Ausschlaggebendes Kriterium für die Obsorgeentscheidung ist das Wohl des Kindes (EFSlg 59.803; SZ 59/144 uva). Zur Beurteilung der grundsätzlichen Frage, welcher Eternteil den Anforderungen des Kindeswohles besser entspricht, sind einander die bei diesem erhobenen Lebenumstände in ihrer Gesamtheit gegenüberzustellen (SZ 53/23 uva). Zwar entspricht es ständiger, im wohlverstandenen Interesse der Pflegebefohlenen gelegener Rechtsprechung, dass der Betreuung von Kleinkindern durch die Mutter der Vorzug zu geben ist (RIS-Justiz RS0047839). Dies gilt nach ganz allgemeiner Ansicht aber (selbstverständlich) nur, wenn beide Elternteile für Pflege und Erziehung gleich gut geeignet sind (SZ 59/114; EFSlg 51.322 uva).
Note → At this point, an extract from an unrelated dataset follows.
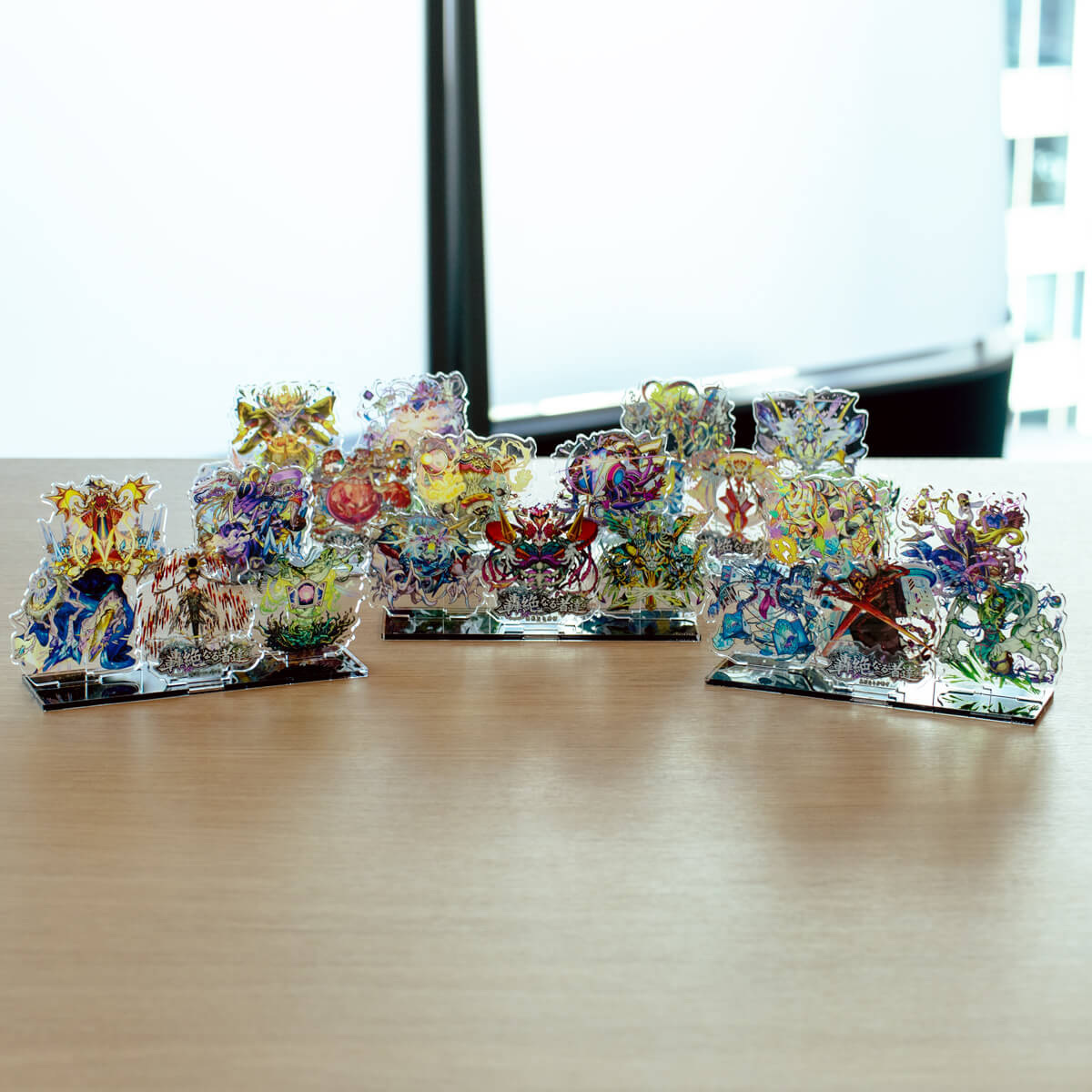 モンスターストライク アクリルジオラマスタンド 轟絶なる者達 異形なる分断者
Dass hier solche gleichwertigen Voraussetzungen vorlägen, haben die Vorinstanzen im Hinblick auf die Alkoholprobleme der Mutter verneint. Darin kann nach den festgestellten Umständen des vorliegenden Einzelfalles eine wesentliche Fehlbeurteilung, die einer Korrektur durch den Obersten Gerichtshof bedürfte, nicht erkannt werden.

Die Mutter hält weiter daran fest, dass das Verfahren mangels Einholung eines kinderspsychologischen Sachverständigengutachtens mangelhaft geblieben sei. Zwar ist der von der Rechtsprechung auch auf das Verfahren außer Streitsachen ausgedehnte Grundsatz des streitigen Verfahrens, ein erstinstanzlicher Mangel, den das Gericht zweiter Instanz verneint hat, könne in dritter Instanz nicht erfolgreich zum Gegenstand einer Verfahrensrüge gemacht werden, im Pflegschaftsverfahren jedenfalls dann nicht anzuwenden, wenn das die Interessen des Kindeswohles erfordern (1 Ob 2292/96g = RZ 1997/57; 1 Ob 268/97m; 9 Ob 204/98k; 10 Ob 355/99z ua). Letzteres ist jedoch hier nicht der Fall: Es genügt dazu, auf die (zutreffenden) Ausführungen des Rekursgerichtes zu verweisen, wonach das zum Zeitpunkt der erstinstanzlichen Entscheidung erst knapp einjährige Kind "nicht ausreichend rapportfähig war", um einem kinder- und jugend-psychologischen Sachverständigen entsprechende Rückschlüsse zu ermöglichen.